The government has ruled out any extension to transition and legislated for a commitment not to agree to any extension in the Withdrawal Agreement Act. The government is only able to reverse that provision through new legislation.

What are the differences between the transition period and EU membership?

The UK ceased to be a member of the political institutions of the EU on 31 January 2020. There are no UK MEPs in the European Parliament, no UK commissioner and UK ministers no longer attend meetings of the European Council. Everything else has remained the same.

What has stayed the same?

The UK is still part of the EU’s economic institutions and security co-operation arrangements until the end of the transition period. During this time, the EU has continued to treat the UK as a member of the single market and customs union.

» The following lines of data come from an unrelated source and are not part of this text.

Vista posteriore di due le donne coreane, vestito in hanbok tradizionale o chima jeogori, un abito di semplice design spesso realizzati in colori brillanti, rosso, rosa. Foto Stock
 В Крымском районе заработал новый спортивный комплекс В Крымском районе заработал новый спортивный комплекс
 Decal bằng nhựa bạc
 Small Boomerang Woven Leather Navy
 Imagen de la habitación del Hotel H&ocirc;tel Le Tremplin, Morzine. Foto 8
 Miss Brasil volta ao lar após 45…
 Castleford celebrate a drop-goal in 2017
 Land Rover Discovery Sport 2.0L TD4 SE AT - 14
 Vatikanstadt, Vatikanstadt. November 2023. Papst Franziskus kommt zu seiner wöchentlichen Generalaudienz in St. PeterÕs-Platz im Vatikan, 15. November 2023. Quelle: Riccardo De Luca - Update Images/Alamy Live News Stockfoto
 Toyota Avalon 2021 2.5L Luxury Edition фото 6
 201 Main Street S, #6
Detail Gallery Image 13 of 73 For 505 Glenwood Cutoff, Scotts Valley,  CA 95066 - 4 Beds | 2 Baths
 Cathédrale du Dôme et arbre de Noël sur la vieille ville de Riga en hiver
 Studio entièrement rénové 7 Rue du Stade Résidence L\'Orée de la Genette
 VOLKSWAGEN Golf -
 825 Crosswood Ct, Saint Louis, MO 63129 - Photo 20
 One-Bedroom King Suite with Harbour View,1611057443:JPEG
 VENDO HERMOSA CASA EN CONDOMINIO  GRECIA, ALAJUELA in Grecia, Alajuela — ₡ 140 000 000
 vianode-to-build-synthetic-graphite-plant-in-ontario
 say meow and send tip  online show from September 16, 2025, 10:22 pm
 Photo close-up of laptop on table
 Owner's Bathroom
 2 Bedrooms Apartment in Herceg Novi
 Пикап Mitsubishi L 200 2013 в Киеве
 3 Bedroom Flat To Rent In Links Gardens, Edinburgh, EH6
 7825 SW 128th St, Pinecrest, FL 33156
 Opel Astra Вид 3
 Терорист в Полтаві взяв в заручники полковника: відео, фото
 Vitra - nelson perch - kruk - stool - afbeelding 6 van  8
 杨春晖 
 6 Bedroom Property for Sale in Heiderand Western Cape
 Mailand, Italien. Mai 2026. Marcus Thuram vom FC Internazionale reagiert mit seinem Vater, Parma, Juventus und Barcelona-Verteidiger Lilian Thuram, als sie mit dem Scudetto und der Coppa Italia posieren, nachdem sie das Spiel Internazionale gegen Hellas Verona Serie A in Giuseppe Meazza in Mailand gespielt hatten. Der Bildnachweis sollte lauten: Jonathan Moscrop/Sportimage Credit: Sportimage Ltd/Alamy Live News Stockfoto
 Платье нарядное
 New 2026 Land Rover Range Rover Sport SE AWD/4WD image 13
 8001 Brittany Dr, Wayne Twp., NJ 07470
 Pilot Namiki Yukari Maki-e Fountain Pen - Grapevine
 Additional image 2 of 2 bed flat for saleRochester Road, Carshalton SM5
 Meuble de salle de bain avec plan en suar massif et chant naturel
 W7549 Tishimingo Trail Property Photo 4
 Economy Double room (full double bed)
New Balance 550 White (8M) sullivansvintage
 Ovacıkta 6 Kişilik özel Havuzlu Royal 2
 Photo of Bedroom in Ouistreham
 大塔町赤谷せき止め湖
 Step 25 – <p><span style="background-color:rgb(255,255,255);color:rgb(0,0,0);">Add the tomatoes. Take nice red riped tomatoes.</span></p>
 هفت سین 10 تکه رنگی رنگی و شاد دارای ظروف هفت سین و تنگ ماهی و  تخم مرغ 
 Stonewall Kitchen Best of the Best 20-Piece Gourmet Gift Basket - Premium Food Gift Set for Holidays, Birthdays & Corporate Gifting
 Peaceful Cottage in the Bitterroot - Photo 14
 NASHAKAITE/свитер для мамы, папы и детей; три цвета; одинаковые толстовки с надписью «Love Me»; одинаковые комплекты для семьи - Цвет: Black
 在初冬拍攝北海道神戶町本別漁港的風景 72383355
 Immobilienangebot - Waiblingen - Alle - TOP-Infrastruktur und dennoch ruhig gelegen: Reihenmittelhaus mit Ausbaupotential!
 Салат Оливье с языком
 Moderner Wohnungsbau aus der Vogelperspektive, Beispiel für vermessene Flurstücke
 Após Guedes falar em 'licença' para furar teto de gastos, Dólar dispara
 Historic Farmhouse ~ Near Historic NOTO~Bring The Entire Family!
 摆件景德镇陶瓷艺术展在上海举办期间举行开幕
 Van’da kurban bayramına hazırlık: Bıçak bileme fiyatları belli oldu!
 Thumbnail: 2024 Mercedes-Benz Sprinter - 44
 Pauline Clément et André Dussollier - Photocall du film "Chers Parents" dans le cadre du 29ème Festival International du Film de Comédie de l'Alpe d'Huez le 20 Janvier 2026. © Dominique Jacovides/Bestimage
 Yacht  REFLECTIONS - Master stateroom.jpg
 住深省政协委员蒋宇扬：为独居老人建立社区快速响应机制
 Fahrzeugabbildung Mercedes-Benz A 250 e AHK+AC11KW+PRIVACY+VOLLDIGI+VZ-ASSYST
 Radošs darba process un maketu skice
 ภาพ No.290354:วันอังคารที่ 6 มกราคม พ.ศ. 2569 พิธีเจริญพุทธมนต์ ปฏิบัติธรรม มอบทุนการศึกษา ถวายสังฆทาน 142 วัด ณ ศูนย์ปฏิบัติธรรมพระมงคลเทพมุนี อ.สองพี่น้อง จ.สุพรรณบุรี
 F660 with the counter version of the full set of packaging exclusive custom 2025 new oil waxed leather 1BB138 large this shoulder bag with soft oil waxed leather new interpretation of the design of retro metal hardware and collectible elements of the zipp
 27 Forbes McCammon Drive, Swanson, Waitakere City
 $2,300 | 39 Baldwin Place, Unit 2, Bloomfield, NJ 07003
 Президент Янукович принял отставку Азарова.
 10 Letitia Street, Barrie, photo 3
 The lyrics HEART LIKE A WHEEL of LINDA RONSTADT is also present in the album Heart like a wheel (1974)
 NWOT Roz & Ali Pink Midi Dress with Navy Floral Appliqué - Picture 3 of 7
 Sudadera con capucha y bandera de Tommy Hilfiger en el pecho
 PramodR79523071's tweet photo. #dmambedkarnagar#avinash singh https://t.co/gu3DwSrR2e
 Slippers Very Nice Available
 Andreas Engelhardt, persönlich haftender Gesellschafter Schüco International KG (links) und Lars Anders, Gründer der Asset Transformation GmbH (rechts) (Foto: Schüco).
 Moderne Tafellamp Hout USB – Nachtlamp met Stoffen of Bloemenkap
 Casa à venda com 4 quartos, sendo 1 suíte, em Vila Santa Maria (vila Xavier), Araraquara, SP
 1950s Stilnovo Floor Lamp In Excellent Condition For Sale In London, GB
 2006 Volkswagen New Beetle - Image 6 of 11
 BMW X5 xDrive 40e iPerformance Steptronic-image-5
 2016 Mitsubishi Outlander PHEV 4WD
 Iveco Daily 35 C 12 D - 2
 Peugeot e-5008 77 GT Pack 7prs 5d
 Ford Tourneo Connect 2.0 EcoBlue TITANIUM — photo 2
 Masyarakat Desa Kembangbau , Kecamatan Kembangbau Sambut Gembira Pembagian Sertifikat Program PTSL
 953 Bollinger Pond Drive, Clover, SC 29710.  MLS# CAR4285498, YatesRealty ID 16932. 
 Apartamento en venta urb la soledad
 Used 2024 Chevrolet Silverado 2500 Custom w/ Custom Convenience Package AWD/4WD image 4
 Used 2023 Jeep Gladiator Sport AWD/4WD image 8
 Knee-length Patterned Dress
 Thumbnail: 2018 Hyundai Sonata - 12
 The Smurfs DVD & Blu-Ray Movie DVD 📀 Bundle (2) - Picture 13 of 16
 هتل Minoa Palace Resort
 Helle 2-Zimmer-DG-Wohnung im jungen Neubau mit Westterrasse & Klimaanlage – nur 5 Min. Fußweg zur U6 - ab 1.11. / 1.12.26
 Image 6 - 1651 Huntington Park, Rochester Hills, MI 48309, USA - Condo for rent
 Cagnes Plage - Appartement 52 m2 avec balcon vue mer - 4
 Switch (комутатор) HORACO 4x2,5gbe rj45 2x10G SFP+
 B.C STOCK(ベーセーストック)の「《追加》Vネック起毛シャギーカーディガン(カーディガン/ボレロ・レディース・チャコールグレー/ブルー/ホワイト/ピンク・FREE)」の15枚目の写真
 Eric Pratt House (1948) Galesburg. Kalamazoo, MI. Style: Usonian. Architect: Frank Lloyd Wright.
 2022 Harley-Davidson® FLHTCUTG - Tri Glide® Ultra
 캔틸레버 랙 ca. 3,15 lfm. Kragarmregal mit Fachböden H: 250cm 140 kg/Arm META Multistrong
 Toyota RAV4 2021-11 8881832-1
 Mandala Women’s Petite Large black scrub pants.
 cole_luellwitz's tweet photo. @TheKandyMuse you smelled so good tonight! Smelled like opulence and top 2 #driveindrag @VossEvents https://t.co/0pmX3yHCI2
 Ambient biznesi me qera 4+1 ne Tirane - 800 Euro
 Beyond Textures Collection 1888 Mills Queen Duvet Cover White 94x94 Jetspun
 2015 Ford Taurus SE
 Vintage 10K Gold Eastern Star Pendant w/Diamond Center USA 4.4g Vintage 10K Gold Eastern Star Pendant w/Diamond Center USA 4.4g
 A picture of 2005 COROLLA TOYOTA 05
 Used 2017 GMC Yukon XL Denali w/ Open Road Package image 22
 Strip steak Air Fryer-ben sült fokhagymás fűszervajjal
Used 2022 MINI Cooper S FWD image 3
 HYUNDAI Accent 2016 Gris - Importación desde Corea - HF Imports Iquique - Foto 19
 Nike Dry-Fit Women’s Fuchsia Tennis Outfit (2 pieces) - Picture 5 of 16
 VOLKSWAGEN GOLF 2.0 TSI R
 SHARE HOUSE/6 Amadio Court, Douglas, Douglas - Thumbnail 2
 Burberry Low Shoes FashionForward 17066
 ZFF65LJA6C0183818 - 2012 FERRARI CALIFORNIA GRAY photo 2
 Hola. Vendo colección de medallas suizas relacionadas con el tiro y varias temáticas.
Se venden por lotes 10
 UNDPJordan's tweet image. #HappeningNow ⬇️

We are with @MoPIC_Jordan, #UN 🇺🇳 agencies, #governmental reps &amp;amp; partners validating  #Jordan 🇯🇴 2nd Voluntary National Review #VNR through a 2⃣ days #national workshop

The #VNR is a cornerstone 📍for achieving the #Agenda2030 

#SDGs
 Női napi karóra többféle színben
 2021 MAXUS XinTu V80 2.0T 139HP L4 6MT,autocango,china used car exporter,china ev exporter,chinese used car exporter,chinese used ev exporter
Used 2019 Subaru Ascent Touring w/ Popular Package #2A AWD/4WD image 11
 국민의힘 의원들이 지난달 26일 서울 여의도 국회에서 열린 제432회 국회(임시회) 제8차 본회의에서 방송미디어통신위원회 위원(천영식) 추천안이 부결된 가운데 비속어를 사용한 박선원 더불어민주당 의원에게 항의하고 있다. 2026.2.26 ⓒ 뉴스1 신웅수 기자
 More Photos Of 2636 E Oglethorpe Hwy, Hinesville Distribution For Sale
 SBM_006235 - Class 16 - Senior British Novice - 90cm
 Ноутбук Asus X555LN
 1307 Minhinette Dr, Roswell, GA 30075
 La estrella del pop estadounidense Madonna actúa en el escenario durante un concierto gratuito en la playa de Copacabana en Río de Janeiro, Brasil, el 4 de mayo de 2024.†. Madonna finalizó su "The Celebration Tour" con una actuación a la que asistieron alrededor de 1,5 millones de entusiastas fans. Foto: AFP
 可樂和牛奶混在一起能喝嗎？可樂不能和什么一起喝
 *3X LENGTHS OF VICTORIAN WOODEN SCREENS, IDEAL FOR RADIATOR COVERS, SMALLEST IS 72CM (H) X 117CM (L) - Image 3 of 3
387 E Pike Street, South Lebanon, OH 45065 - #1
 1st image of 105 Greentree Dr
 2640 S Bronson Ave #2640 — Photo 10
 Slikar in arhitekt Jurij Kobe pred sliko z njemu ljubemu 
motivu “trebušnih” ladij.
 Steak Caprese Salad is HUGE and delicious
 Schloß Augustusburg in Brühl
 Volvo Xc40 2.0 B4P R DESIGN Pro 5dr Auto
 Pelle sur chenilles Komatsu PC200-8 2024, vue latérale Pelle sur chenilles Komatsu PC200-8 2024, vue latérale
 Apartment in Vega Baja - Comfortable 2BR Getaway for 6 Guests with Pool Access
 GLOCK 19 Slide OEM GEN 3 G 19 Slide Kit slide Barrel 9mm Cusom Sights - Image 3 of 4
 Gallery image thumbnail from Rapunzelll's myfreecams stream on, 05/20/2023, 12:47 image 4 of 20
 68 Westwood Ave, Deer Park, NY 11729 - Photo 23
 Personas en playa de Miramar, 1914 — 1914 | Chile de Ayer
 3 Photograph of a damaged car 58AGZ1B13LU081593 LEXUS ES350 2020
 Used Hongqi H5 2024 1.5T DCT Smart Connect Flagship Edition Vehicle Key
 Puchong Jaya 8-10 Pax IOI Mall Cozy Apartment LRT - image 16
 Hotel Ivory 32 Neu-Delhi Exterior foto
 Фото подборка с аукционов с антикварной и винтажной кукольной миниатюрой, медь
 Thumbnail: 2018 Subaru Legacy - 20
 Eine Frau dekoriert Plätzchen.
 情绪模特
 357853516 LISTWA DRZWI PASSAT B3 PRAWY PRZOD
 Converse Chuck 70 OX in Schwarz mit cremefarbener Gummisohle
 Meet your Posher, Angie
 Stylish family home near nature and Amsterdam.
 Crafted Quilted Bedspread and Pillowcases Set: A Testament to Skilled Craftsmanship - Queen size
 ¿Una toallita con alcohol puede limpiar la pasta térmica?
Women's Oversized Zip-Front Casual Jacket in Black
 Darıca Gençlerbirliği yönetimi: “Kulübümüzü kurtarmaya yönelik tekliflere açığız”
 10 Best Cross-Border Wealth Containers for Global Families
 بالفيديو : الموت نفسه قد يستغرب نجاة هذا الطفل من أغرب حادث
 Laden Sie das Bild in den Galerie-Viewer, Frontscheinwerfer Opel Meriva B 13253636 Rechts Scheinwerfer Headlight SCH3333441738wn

It has also asked its trade partners to continue to treat the UK as a member state until the end of transition.

Freedom of movement remains in place and citizens’ rights continue unaffected until the end of the period.

The UK remains be subject to EU law and the rulings of the European Court of Justice throughout the transition period.

On security, the UK continues to have access to EU mechanisms (like Europol) and databases; but some EU countries like Germany cannot extradite their citizens using the European Arrest Warrant to countries that are not member states of the EU. Therefore, they cannot extradite them to the UK during the transition period.

What will change at the end of the transition period?

At the end of transition, the UK’s relationship with the EU will be determined by the new agreement it has negotiated with the EU on trade and other areas of co-operation. The Conservative manifesto suggested it was aiming for a relatively loose free trade agreement that would see Great Britain leave the single market and the customs union – and did not mention anything on security co-operation.

In a no-deal scenario, the UK would have to rely on previous international conventions for security co-operation and would trade with the EU on World Trade Organization terms. The exception in both these cases is Northern Ireland, whose trade in goods with the EU would be covered by the provisions in the Northern Ireland protocol.

Even without a deal, the UK would continue to follow the EU rules transferred into UK law through the EU Withdrawal Act 2018. At the end of transition period, the UK would be able to diverge if UK courts decided to interpret existing EU law differently or if the government introduced changes into UK law.

Is it feasible to get new EU–UK arrangements in place by December 2020?

Implementing the Withdrawal Agreement provisions, as well as preparing for the future relationship by the end of the transition period, requires strengthening border capabilities, creating and modifying public bodies, making significant changes to immigration rules, as well as supporting business to prepare.

This is a huge task, particularly considering the 11-month time frame the government has to negotiate and implement a new deal. It is likely the UK will be only partially ready by the end of December 2020.

In some areas, the UK government has announced unilateral measures that delay the need to have all arrangements in place. This includes the phasing in of customs checks on EU goods coming into the UK.

Does no agreement mean the same outcome as a no-deal Brexit in March or October 2019?

No. No deal on the future relationship would still leave the Withdrawal Agreement in place: citizens’ rights would be protected, the UK would still be committed to the financial settlement and Northern Ireland trade would be covered by the protocol.

But for the rest of the UK, trade and security co-operation would potentially be as affected as it would have been with no deal during the Article 50 negotiations, unless specific measures were agreed or taken unilaterally by the EU.